Image copyright © by Marcus Trahan

Rebel Without a Cause

(1955)

I know it’s heresy, I know this was an incredibly influential movie, but, frankly, I thought it was pretty bad. I’ve never been a James Dean fan, I thought he was a haircut in search of a personality. His character here, Jim Stark, is a big crybaby. He don’t get enough love and understanding from his parents for his totally inexplicable angst and alienation, which he mumbles inarticulately about when they ask him to share his agony. Boo-hoo. And he has contempt for his father because of his perception that the old man won’t stand up to his mother. What is Dad’s great sin? Helping out around the house when Mom is sick, apparently. (Jim Backus wears a cute little pinafore in this scene to emphasize his emasculation. Ludicrous.) Sal Mineo is fucked up beyond belief, from shooting puppies (I’m not kidding) to wanting Jim to be his lover and his father, somehow. He lives with his black mammy.
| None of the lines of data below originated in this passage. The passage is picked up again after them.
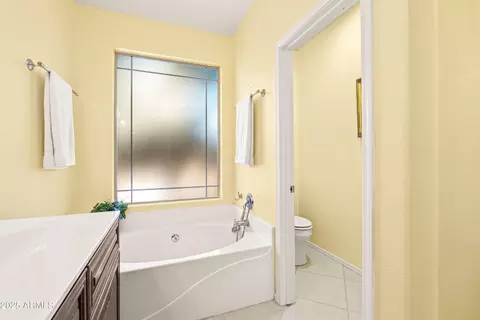 Bath - 3534 E Linda Ln, Gilbert, AZ 85234 photo 3 of 4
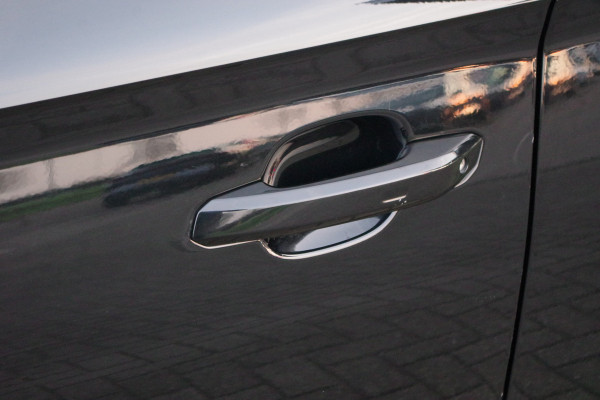 Audi Q5 55 TFSI e 367 PK S-Line Edition Competition PHEV, Trekhaak, Luchtvering, Panoramadak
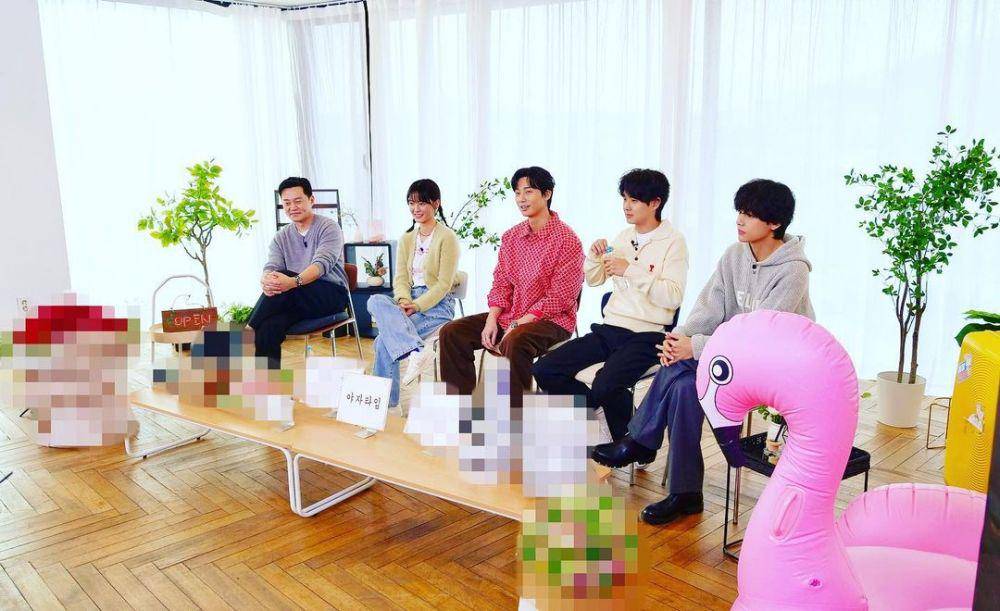 still cut variety Show Jinny's Kitchen (instagram.com/15ya.baby)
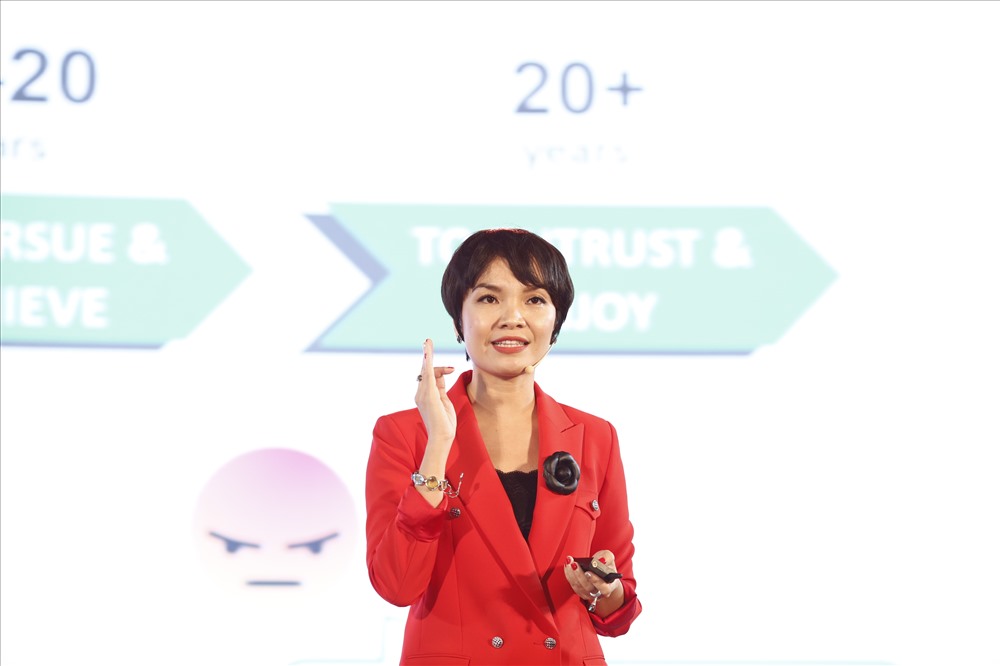 Bà Thanh Nguyễn chia sẻ tại hội nghị giải bài toán “giữ chân nhân tài”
I wouldn’t want to be in the same county with him. Natalie Wood is one of those girls who gets her kicks when boys fight over her, or do incredibly stupid things to impress her. Her boyfriend drives off a cliff in a “chickie run,” and a few hours later she’s hooked up with Jim, smiling and laughing. I hated all these people.

It’s very slow, and I didn’t buy into a single scene or idea in it, from the fatherly cop in the first scene to the miraculous arrival of the mammy—okay, she was a maid, but you get the reference—at the Griffith Park Observatory in the last scene, when her dear boy is in trouble. What, she happened to be driving by, miles from anywhere? What is that? Telepathy?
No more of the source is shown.